Martin Lewis urges people to check for £5,400 State Pension income top-up before deadline next year

Nearly 10 million people across the UK are receiving New State Pension payments of up to £221.20 each week, equivalent to £884.80 per four-weekly pay period. However, Martin Lewis is urging all 9.7m New State Pension claimants to make sure they are receiving the maximum amount and if not, the consumer champion has shared some simple checks that could boost retirement income by more than £5,000.

Writing in the latest issue on the MoneySavingExpert newsletter (, the financial guru explained this is something everyone under 73 should check, explaining that “while ‘boosting your State Pension' doesn't sound sexy, it's the most lucrative thing many can do with their money”.

It’s important to be aware that his steps will only apply to those claiming, or due to claim the New State Pension in the future - men born after April 5, 1951 and women after April 5, 1953.

However, many people approaching retirement age may not be aware that to receive the full New State Pension, they will need around 35 years’ worth of National Insurance (NI) contributions.

This is just an average number of years as some people may have been ‘contracted out’ and will need more NI contributions to qualify for the full amount - find out more about this on GOV.UK here.

Martin explained qualifying years usually come from employment, looking after children and claiming Child Benefit, or through some DWP benefits. But he warned that “many are missing past NI years, commonly due to years abroad, low incomes, career breaks or not claiming credits”.

He said there are two crucial checks everyone should complete, which don’t take long, and could identify possible gaps in your State Pension.

Check 1: Check your NI record

Martin explained how missing NI years, or partial years, can bring State Pension payments down. A quick check on GOV.UK will identify any missing years - you can do that here.

Check 2: Check your State Pension forecast

You can check your State Pension entitlement on the ‘Check your State Pension forecast’ page on the GOV.UK website here.

This will also tell you your State Pension age - when you can officially retire and start collecting payments.

If you do these two checks and are on track for the full, New State Pension, you don’t need to do anything more. If you do have missing years, now you can check if there are ways to boost it for free.

The three main ways to boost State Pension for free are:

  • Child Benefit - check for missing NI credit.

  • Grandparents providing childcare - Martin explained: “If a family member looked after a child under-12 at any time since 2011, before they were State Pension age (even if they are now) as parents/guardians were working, then the parent can apply to transfer their child care credit to the family member.”

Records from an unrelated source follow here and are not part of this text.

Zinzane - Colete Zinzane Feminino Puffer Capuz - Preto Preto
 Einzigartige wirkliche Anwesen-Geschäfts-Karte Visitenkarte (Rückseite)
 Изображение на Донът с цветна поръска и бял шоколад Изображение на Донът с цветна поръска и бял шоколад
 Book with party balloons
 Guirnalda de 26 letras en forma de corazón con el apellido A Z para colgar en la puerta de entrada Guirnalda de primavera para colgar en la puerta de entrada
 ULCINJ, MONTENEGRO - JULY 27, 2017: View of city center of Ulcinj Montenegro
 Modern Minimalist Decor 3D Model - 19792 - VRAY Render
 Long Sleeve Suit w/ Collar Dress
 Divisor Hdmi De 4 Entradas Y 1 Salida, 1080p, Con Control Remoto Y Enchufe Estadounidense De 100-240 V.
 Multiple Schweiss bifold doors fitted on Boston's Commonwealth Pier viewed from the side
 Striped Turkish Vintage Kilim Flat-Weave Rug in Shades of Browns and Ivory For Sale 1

  • Carer's Credit - this is a free NI credit for those aged 16 to State Pension age who provide unpaid care

Martin Lewis
The consumer champion shares simple steps people on or due to receive the New State Pension can take to boost retirement payments. -Credit:ITV

If you are unable to claim free NI credits from 2006 to 2018 Martin warns you’ll need to decide before April 5, 2025 whether it’s worth your while buying missing years.

This is because from that date you will only be able to claim from 2018, but your current age plays a key factor in that decision.

Martin has explained them all in detail on here, but in general:

  • At or near State Pension age - Martin says it’s “no-brainer” if you have missing years and can buy the NI credits as the upfront investment will pay for itself during retirement.

  • Aged 45 to 60 - Martin said: “Less definite as you may still naturally fill the gaps. The younger you are, the more time you have to earn enough qualifying years before you reach State Pension age.”

  • Under 45 - Not usually worth it as you have plenty of time before State Pension age to build up NI years.

He also said it’s worth remembering that everyone needs at least 10 years’ worth of NI credit to qualify for any State Pension payment.

Buying missing NI years

If you can spare the cash, you can plug gaps in your NI record by buying voluntary class 3 NI contributions. Buying a full extra year costs around £800, though partial years will be cheaper. For each year bought you get 1/35th of a year’s State Pension - around £329. This means you effectively earn your money back in around three years, so it can prove very good value.

It is, however, really important to check that it is worth your while paying for these credits so always check with DWP before doing so.

Find out more about plugging gaps in your National Insurance record on GOV.UK here.

Martin explained that the most that you will pay for a missing year is £824, but it could boost your retirement income by over £5,400. There’s a really handy cost guide on here.

Get advice before making a decision

Calculating whether to top up can be confusing and ultimately there is no point paying for more years than you need because you won’t get that money back.

The best solution is to call the UK Government’s Future Pension Centre on 0800 731 0175 to double check how many years you can buy and whether voluntary contributions will add to your State Pension. Those who have already reached retirement age must contact the Pension Service on 0800 731 0469.